As God creates things by seeing them in His own Logos, man brings truth to life in his mind by the marriage of the divine light, in the being of the object, with the divine light in his own reason. The meeting of these two lights in one mind is truth.

But there is a higher light still, not the light by which man "gives names" and forms concepts, with the aid of the active intelligence, but the dark light in which no names are given, in which God confronts man not through the medium of things, but in His own simplicity. The union of the simple light of God with the simple light of man's spirit, in love, is contemplation. The two simplicities are one. They form, as it were, an emptiness in which there is no addition but rather the taking away of names, of forms, of content, of subject matter, of identities. In this meeting there is not so much a fusion of identities as a disappearance of identities. The Bible speaks of this very simply: "In the breeze after noon God came to walk with Adam in paradise." It is after noon, in the declining light of created day. In the free emptiness of the breeze that blows from where it pleases and goes where no one can estimate, God and man are together, not speaking in words, or syllables or forms. And that was the meaning of creation and of Paradise. But there was more.

The Word of God Himself was the "firstborn of every creature." He "in Whom all things consist" was not only to walk with man in the breeze after noon, but would also become Man, and dwell with man as a brother.

The Lord would not only love His creation as a Father, but He would enter into His creation, emptying Himself, hiding Himself, as if He were not God but a creature. Why should He do this? Because He loved His creatures, and because He could not bear that His creatures should merely adore Him as distant, remote, transcendent and all powerful. This was not the glory that He sought, for if He were merely adored as great, His creatures would in their turn make themselves great and lord it over one another. For where there is a great God, then there are also god-like men, who make themselves kings and masters. And if God were merely a great artist who took pride in His creation, then men too would build cities and palaces and exploit other men for their own glory.

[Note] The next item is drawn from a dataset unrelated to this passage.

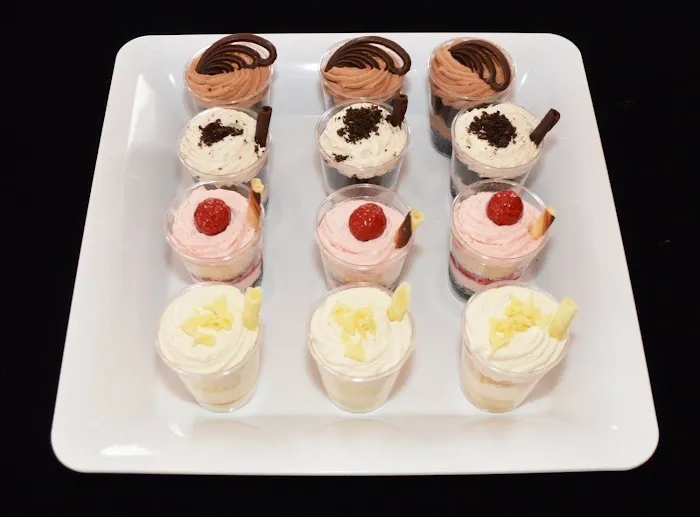 MN Lake & Bake Picture 7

This is the meaning of the myth of Babel, and of the tower builders who would be "as Gods" with their hanging gardens, and with the heads of their enemies hanging in the gardens. For they would point to God and say: "He too is a great builder, and has destroyed all His enemies."

(God said: I do not laugh at my enemies, because I wish to make it impossible for anyone to be my enemy. Therefore I identify myself with my enemy's own secret self.)

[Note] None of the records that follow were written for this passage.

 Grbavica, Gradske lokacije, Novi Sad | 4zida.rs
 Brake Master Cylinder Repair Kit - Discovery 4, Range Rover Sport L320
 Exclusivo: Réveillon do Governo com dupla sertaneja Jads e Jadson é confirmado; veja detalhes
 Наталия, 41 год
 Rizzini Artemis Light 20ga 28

So God became man. He took on the weakness and ordinariness of man, and He hid Himself, becoming an anonymous and unimportant man in a very unimportant place. And He refused at any time to Lord it over men, or to be a King, or to be a Leader, or to be a Reformer, or to be in any way Superior to His own creatures. He would be nothing else but their brother, and their counsellor, and their servant, and their friend. He was in no accepted human sense an important person, though since that time we have made Him The Most Important Person. That is another matter: for though it is quite true that He is the King and Lord of all, the conqueror of death, the judge of the living and of the dead, the Pantokrator, yet He is also still the Son of Man, the hidden one, unknown, unremarkable, vulnerable. He can be killed. And when the Son of Man was put to death, He rose again from the dead, and was again with us, for He said: "Kill me, it does not matter."

Having died, He dies no more in His own Person. But because He became man and united man's nature to Himself, and died for man, and rose as man from the dead, He brought it about that the sufferings of all men became His own sufferings; their weakness and defenselessness became His weakness and defenselessness; their insignificance became His. But at the same time His own power, immortality, glory and happiness were given to them and could become theirs. So if the God-Man is still great, it is rather for our sakes than for His own that He wishes to be great and strong. For to Him, strength and weakness, life and death are dualities with which He is not concerned, being above them in His transcendent unity. Yet He would raise us also above these dualities by making us one with Him. For though evil and death can touch the evanescent, outer self in which we dwell estranged from Him, in which we are alienated and exiled in unreality, it can never touch the real inner self in which we have been made one with Him. For in becoming man, God became not only Jesus Christ but also potentially every man and woman that ever existed. In Christ, God became not only "this" man, but also, in a broader and more mystical sense, yet no less truly, "every man."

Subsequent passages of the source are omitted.